Sometimes a little adds up to a lot. I recently met a CSRS employee who told me he chose not to participate in the Thrift Savings Plan in 1987 because he was only allowed to contribute 5% of his salary, got no government match and was restricted to investing in the G fund. About 20% of CSRS employees do not participate in the TSP; roughly 10% of FERS employees also choose not to participate.
How much in potential savings did this employee pass up? I made several assumptions in calculating the amount he would have today. The first assumption was that he began contributing at 5% and never raised the percentage. The second assumption was that he was making $30,000 in 1987 and $60,000 today. The third assumption was that he remained in the G fund, which gave him an annual return of 5.93% between 1987 and 2011 (this return was taken from the G fund fact sheet on the TSP website).

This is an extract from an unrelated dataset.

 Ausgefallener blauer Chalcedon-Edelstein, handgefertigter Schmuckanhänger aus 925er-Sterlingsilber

He would have just a little short of $120,000 today if he had begun in 1987 and stayed the course for 24 years. At a relatively safe 5% rate of withdrawal, that would result in an annual income of $6,000 that could be adjusted annually for inflation and would likely last him for his lifetime.
He could have had more in the TSP if:
- His salary grew more quickly than I assumed.

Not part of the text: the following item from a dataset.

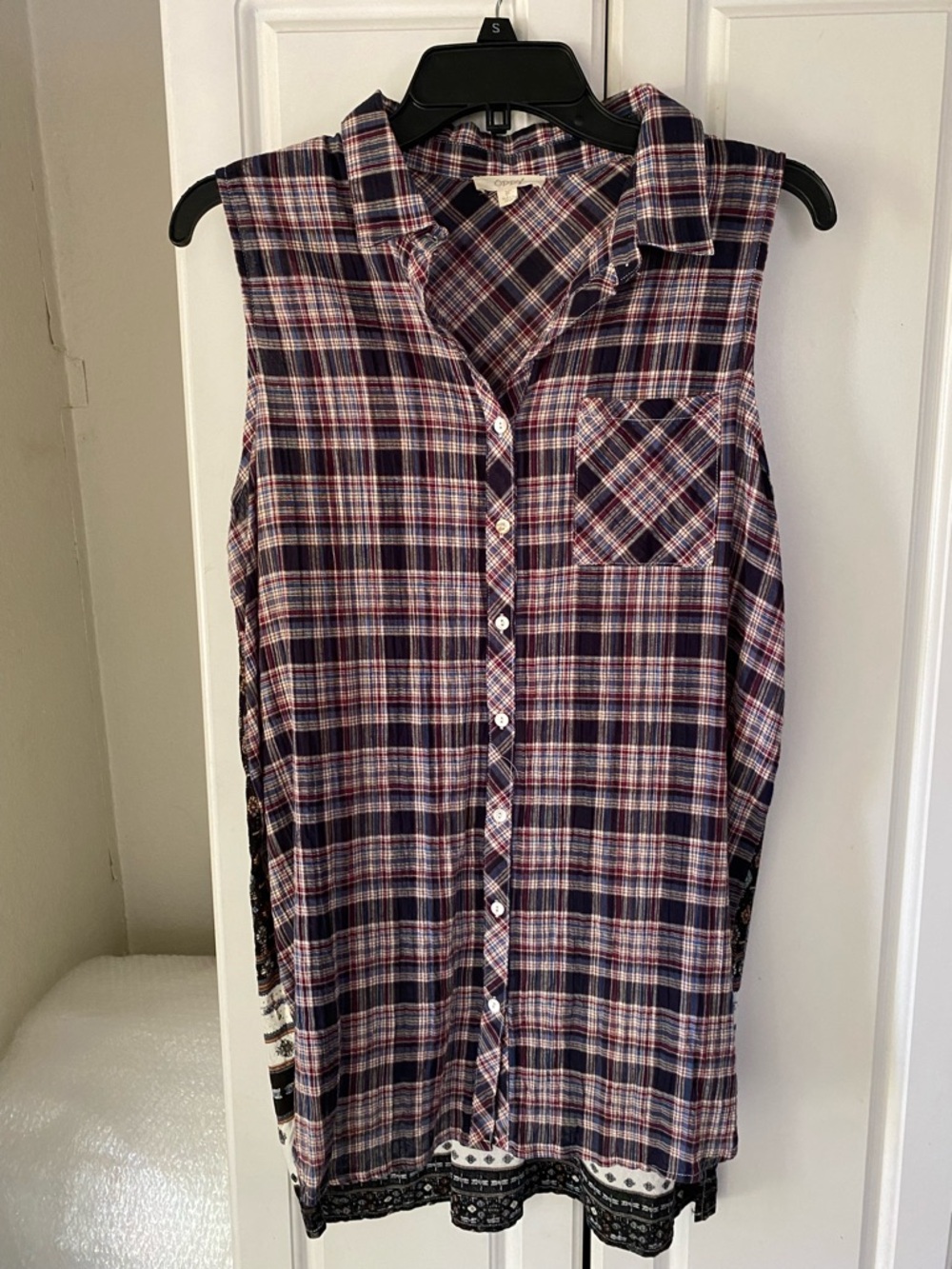ODDY Sleeveless Plaid Button-Front Shirt in Navy and Pink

- He increased the percentage he saved once CSRS employees were allowed to contribute more than 5%.
- He had diversified his holdings to other funds. The other two “original” funds grew as follows:
- The F fund returned 7.34 in the same period
- The C fund returned 9.78 in the same period.
Before you pass up investing for your retirement and financial future, focus on the long-term. What seems like a small amount today can grow into a much larger amount over time.